Life insurance is designed to ensure that your dependants do not suffer financially in the event of your death, and as such, many policies are set up to cover the main breadwinner in a family.
As this person makes the most significant financial contribution to the running of the household, this approach might appear to make sense.
But the consequences of the other partner’s death – even if they don’t earn as much, or have no income because they look after the children full-time – can also be serious from a financial point of view.
This is why you should consider taking out life insurance that covers either partner’s potential death. Your insurance company may ask for further details or for a family medical history, before the policy is supplied.
Much more than in the past, many families today have two breadwinners – often, the loss of either income would create huge financial problems. In situations such as these, the case for insuring both partners’ lives is easy to make. But that doesn’t mean that a stay-at-home father or mother should not be insured in the same way.
After all, their work – in bringing up children and looking after the home, for example – has considerable value, even if they are not paid directly for it. If the worst happened and a stay-at-home parent died, their partner would face a significant extra financial burden. Either they would have to work less in order to devote more time to their family, or they would have to pay for extra domestic help. It is clear that in circumstances such as these, it is important for both partners to have life insurance.
Your cover options
When it comes to insuring two people, there are two options. Each person can take out their own life insurance policy onlice, or a couple can take out a joint-life policy.
Let’s have a look at the differences.
The extent of cover: With two separate policies, the insurance will pay out when either policyholder dies (provided any term that the insurance is in force for has not elapsed). With a joint-life policy, on the other hand, there is usually a payout on the first death only. After this, the other policyholder will no longer be covered.

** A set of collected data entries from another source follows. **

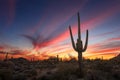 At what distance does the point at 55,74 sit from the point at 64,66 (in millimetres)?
1738

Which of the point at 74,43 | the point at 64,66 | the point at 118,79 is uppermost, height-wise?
the point at 74,43

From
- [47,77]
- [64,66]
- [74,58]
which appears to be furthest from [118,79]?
[74,58]

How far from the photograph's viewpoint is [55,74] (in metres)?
20.4

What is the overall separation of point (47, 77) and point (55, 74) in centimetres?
86

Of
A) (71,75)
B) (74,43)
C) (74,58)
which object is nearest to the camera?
(71,75)

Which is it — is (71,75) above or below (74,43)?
below

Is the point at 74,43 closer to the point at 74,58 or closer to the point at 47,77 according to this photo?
the point at 47,77

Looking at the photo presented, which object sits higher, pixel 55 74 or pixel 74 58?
pixel 74 58

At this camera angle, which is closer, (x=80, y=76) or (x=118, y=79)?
(x=80, y=76)

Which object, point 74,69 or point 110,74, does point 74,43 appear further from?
point 110,74

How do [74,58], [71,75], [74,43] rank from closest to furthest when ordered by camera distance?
[71,75] < [74,43] < [74,58]

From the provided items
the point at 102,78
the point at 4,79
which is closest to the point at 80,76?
the point at 102,78

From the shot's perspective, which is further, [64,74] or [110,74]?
[110,74]

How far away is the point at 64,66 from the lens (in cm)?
2172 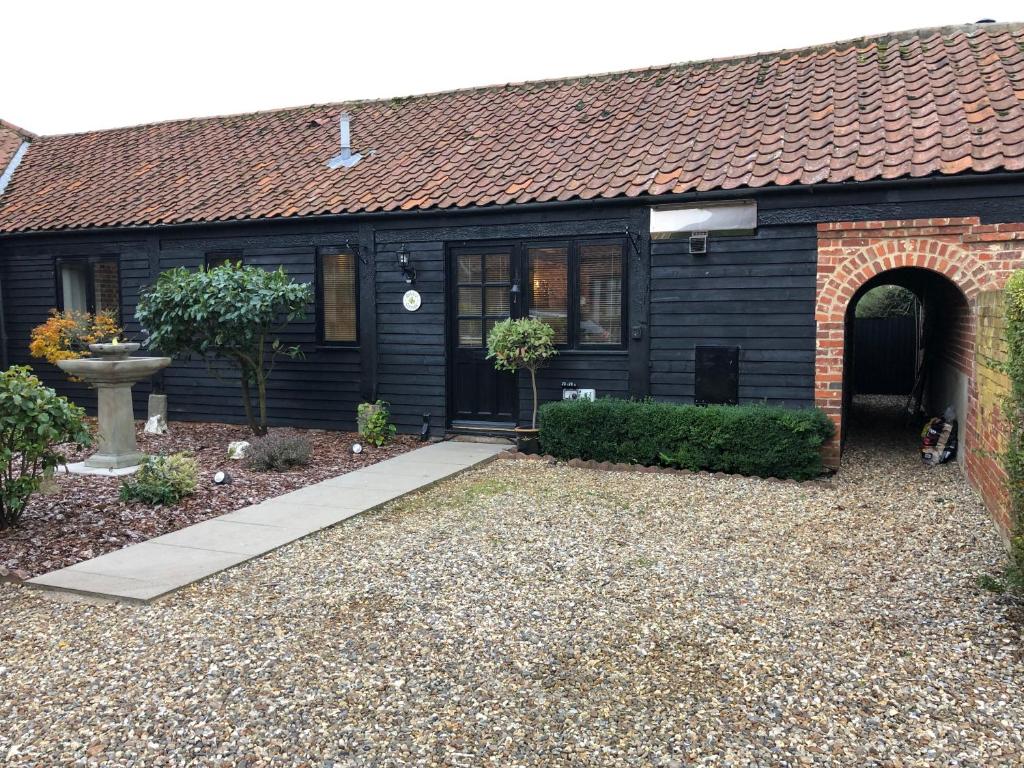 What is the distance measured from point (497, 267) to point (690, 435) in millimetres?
3423

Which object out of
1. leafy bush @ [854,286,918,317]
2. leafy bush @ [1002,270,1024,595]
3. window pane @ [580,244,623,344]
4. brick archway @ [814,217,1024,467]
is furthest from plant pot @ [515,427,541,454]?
leafy bush @ [854,286,918,317]

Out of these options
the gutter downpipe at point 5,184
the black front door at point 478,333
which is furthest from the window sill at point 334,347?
the gutter downpipe at point 5,184

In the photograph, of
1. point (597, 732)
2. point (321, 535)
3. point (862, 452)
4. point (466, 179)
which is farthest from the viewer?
point (466, 179)

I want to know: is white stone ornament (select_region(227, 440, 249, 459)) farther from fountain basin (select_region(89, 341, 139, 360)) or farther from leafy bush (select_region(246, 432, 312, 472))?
fountain basin (select_region(89, 341, 139, 360))

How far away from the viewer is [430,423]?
33.7 ft

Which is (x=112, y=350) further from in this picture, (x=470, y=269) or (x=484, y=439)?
(x=484, y=439)

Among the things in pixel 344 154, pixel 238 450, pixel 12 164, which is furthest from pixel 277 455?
pixel 12 164

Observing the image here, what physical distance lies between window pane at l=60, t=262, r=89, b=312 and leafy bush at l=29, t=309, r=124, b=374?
15.7 inches

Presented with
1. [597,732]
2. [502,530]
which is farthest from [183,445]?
[597,732]

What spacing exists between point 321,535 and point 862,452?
652 cm

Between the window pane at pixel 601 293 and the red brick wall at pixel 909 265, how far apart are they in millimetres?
2212

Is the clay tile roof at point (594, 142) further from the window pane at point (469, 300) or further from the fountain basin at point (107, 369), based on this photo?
the fountain basin at point (107, 369)

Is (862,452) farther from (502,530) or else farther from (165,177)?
(165,177)

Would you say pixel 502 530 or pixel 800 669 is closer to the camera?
pixel 800 669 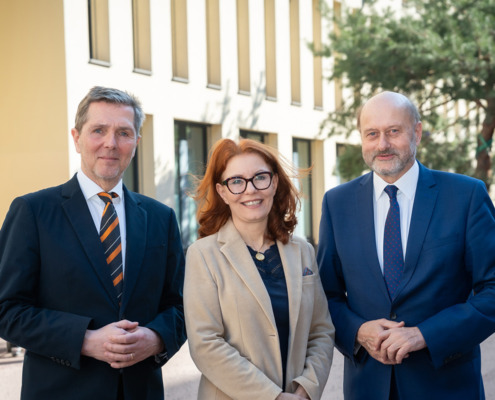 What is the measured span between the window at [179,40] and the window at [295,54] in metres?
4.71

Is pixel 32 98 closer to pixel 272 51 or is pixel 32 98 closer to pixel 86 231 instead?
pixel 272 51

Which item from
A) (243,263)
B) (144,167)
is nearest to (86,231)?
(243,263)

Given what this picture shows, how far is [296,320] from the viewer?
300 centimetres

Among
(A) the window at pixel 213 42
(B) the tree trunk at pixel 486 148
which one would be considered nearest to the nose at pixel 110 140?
(A) the window at pixel 213 42

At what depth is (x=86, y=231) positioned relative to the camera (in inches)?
118

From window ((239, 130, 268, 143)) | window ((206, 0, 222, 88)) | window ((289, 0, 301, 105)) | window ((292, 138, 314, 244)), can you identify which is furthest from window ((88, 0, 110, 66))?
window ((292, 138, 314, 244))

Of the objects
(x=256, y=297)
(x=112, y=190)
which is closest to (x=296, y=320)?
(x=256, y=297)

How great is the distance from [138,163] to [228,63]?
3341 mm

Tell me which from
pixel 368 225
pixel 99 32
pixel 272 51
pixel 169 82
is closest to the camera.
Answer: pixel 368 225

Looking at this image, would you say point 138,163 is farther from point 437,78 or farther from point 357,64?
point 437,78

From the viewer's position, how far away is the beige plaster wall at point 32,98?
11258 mm

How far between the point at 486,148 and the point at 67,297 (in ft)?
42.4

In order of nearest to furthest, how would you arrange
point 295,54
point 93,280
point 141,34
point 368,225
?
point 93,280 → point 368,225 → point 141,34 → point 295,54

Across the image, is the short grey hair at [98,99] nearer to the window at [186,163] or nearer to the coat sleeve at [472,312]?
the coat sleeve at [472,312] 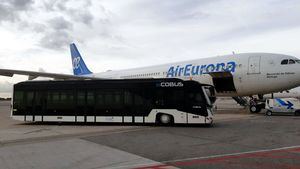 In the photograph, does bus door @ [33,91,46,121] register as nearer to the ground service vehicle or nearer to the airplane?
the airplane

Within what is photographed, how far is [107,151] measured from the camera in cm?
920

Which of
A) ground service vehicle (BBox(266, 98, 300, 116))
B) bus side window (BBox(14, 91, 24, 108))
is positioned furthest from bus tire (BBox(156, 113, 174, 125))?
ground service vehicle (BBox(266, 98, 300, 116))

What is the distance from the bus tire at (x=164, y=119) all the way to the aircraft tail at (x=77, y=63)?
2634cm

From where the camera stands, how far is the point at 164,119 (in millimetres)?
16859

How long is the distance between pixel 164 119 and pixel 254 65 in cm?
923

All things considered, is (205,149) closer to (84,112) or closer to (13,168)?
(13,168)

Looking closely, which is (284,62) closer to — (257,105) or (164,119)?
(257,105)

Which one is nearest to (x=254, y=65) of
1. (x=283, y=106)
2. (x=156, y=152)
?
(x=283, y=106)

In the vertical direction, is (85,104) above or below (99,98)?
below

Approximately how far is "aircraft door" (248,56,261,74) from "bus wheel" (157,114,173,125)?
28.5ft

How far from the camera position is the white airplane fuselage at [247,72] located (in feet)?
71.4

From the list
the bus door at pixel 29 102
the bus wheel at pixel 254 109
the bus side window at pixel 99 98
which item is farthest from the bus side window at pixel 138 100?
the bus wheel at pixel 254 109

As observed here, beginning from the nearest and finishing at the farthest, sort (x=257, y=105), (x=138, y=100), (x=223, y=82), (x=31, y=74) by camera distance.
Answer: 1. (x=138, y=100)
2. (x=223, y=82)
3. (x=257, y=105)
4. (x=31, y=74)

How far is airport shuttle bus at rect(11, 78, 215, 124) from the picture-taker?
16562mm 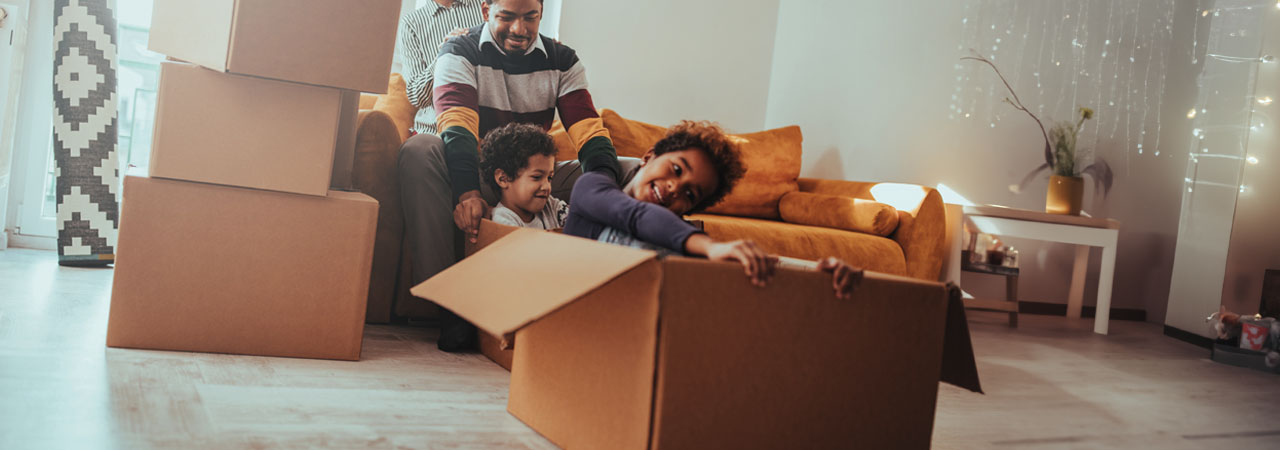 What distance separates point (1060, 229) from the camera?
10.6ft

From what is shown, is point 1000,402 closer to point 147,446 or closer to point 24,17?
point 147,446

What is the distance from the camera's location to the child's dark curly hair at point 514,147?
1763 millimetres

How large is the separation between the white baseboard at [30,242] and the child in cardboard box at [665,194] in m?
2.60

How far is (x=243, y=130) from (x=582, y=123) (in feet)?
2.80

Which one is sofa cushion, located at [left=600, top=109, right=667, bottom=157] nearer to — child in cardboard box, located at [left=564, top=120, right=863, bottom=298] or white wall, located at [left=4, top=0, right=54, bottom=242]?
child in cardboard box, located at [left=564, top=120, right=863, bottom=298]

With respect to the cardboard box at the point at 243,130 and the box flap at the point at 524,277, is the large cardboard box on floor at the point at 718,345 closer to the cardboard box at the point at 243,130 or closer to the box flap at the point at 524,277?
the box flap at the point at 524,277

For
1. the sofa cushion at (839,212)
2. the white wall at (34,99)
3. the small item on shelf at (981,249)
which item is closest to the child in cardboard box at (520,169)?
the sofa cushion at (839,212)

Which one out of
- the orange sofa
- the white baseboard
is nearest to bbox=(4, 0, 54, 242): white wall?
the white baseboard

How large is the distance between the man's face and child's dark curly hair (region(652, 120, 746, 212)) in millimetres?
805

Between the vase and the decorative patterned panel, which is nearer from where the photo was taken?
the decorative patterned panel

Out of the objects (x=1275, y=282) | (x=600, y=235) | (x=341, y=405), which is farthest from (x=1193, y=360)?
(x=341, y=405)

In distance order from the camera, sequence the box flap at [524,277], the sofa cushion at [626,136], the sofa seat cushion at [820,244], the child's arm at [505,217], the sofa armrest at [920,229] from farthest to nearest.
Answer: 1. the sofa cushion at [626,136]
2. the sofa armrest at [920,229]
3. the sofa seat cushion at [820,244]
4. the child's arm at [505,217]
5. the box flap at [524,277]

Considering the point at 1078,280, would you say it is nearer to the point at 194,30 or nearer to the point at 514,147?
the point at 514,147

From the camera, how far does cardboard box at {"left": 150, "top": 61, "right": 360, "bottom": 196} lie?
142 centimetres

This could create further problems in the future: if the surviving partner needs to find new life insurance later in life, it is likely to be significantly more expensive. And if they have suffered any health or medical problems since the original cover was set up, this will increase the premiums further.
Price: Because two separate policies offer a greater amount of cover, they are normally more expensive than a joint-life policy. But the difference can be very small, and it is worth comparing prices for both options.
If there is not much in it, you may feel happier with the extra protection that separate policies can offer. If you are buying term insurance, which only lasts for a fixed number of years, the price difference is likely to be smaller. With whole-of-life cover, on the other hand, where the two separate policies are sure to pay out at some point, you can expect there to be a larger price differential.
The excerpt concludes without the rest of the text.